Côté temps de travail, le congé pour validation des acquis a doublé. Il atteint 48 heures depuis le décret n° 2024-332 du 10 avril 2024, avec maintien de la rémunération. La demande s’adresse par écrit à l’employeur trente jours avant l’absence, celui-ci répond sous quinze jours et son silence vaut accord. Un report reste possible, limité à un mois.
Les erreurs qui font échouer un dossier
Les motifs d’échec se répètent, et aucun ne tient au niveau réel du candidat :
- viser une certification trop éloignée des activités effectivement exercées
- raconter un parcours au lieu d’analyser des situations de travail
- confondre la description de tâches et la démonstration de compétences
- négliger les preuves matérielles qui datent et objectivent les faits
- traiter l’entretien comme une formalité après des mois de rédaction
- lancer la démarche pendant une période professionnelle ou personnelle instable
L’erreur la plus coûteuse reste la première. Un dossier peut être recevable et malgré tout insuffisant devant le jury : la recevabilité vérifie un rapport direct, le jury évalue une maîtrise. Un dossier de VAE solide se construit à partir du référentiel, jamais à partir de votre CV. Téléchargez le référentiel d’activités avant d’écrire la première ligne, et traitez chaque compétence attendue comme une question à laquelle répondre par une preuve.
Autre point : le vocabulaire compte. Les métiers évoluent vite, et savoir nommer ses pratiques actuelles, y compris les compétences numériques attendues en entreprise, rend un dossier lisible pour un jury qui ne connaît ni votre employeur ni vos outils internes.
VAE ou formation classique : trancher selon votre situation
Le calcul penche vers la démarche VAE quand l’expérience est déjà là, dense et documentée, et que le diplôme manque pour évoluer, changer d’employeur ou accéder à un concours. Elle coûte peu, se mène en parallèle du poste et valorise l’existant plutôt que de le mettre entre parenthèses.
La formation classique reprend l’avantage dans trois cas :
- un changement de métier complet, sans passerelle avec le poste actuel
- un référentiel très technique dont vous ne couvrez qu’une fraction
- un besoin d’apprentissage structuré que la seule pratique n’apporte pas
Le choix d’une formation professionnelle payante se juge alors sur la certification visée et son enregistrement au RNCP, exactement comme pour une VAE. Certaines compétences très récentes, comme le travail de visibilité dans les moteurs de réponse, ne disposent encore d’aucune certification enregistrée et sortent donc du champ de la validation.
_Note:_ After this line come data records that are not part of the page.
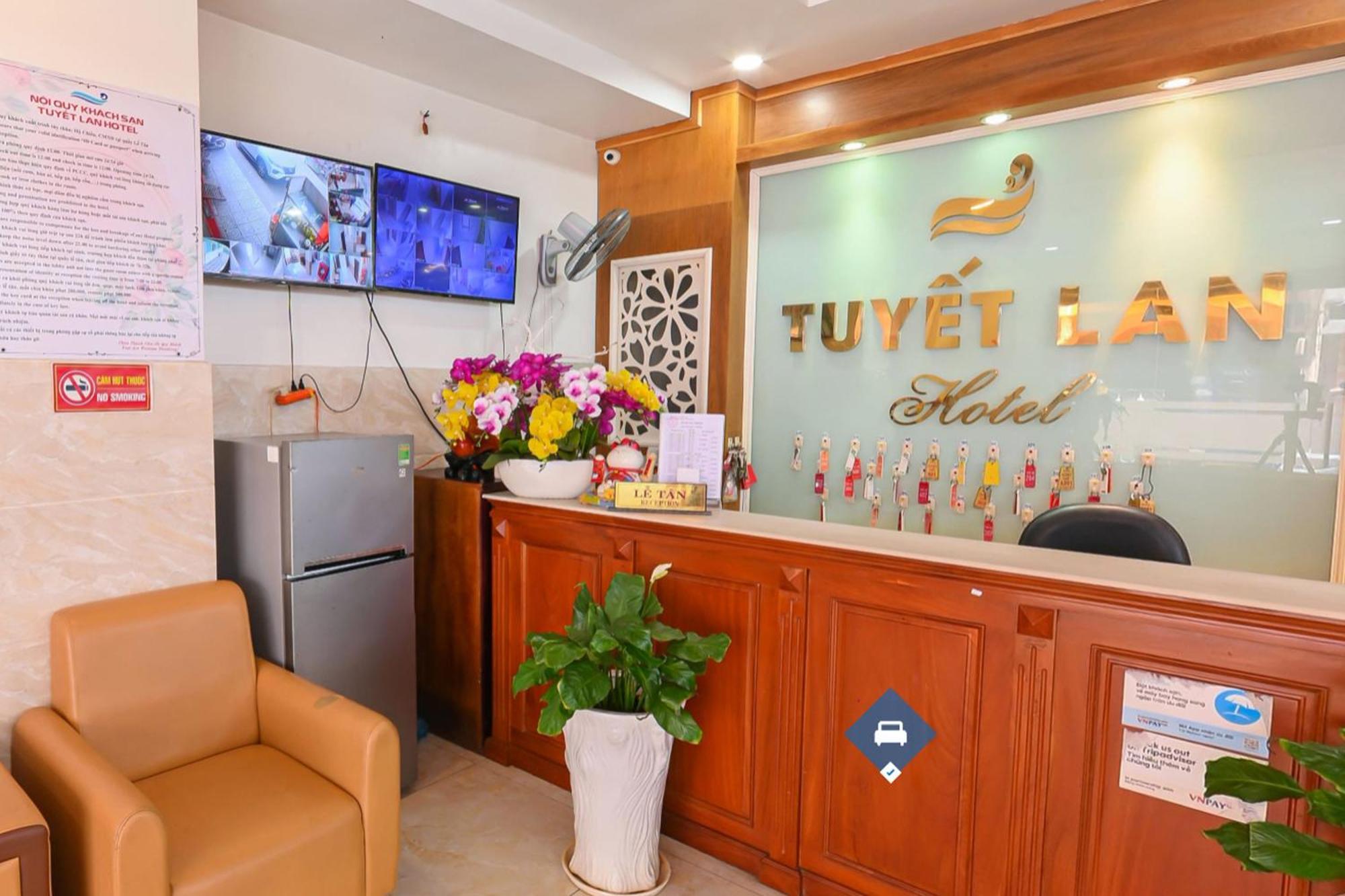Tuyet Lan Hotel Vung Tau Extérieur photo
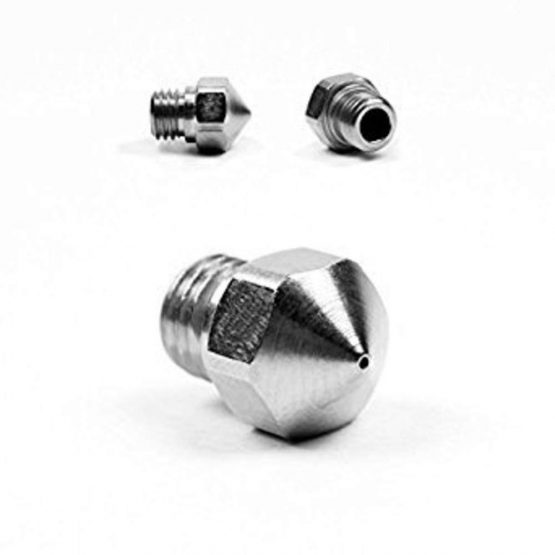 micro swiss M2548-04 Resistant Nozzle MK10 Flash Forge, Plated Wear, Dermal, Power Spec, Wenham, Mono, Cocoon Create, 0.4 mm - Image 4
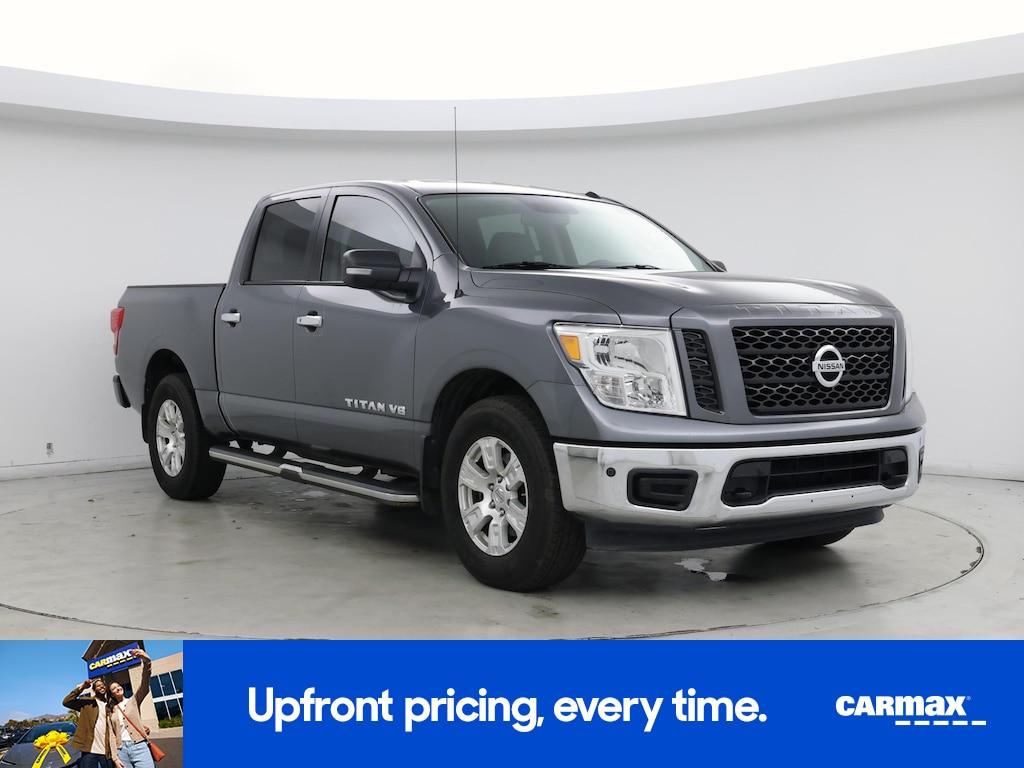 used 2019 Nissan Titan car, priced at $25,998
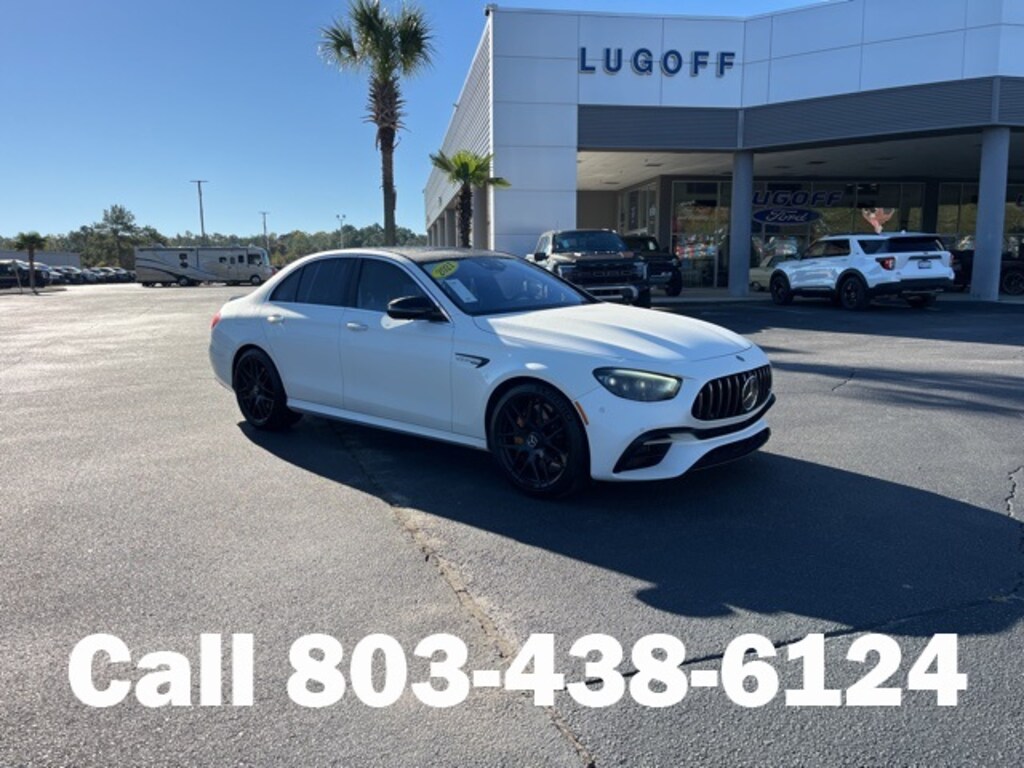 Used 2021 Mercedes-Benz AMG E 63 S 4MATIC Sedan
Une troisième voie a été testée entre-temps. L’article 11 de la loi du 21 décembre 2022 a autorisé une expérimentation de VAE inversée, menée du 1er mars 2023 au 28 février 2026 : un contrat de professionnalisation intègre directement des actions de validation, pour des métiers en tension. Le dispositif ciblait les branches confrontées à des difficultés de recrutement durables, et son avenir dépend désormais du bilan de l’expérimentation.
Prochaine étape concrète : identifiez la certification visée sur le portail France VAE, puis comparez son référentiel d’activités à votre poste actuel, ligne par ligne. Si la correspondance dépasse les deux tiers, déposez un dossier de faisabilité.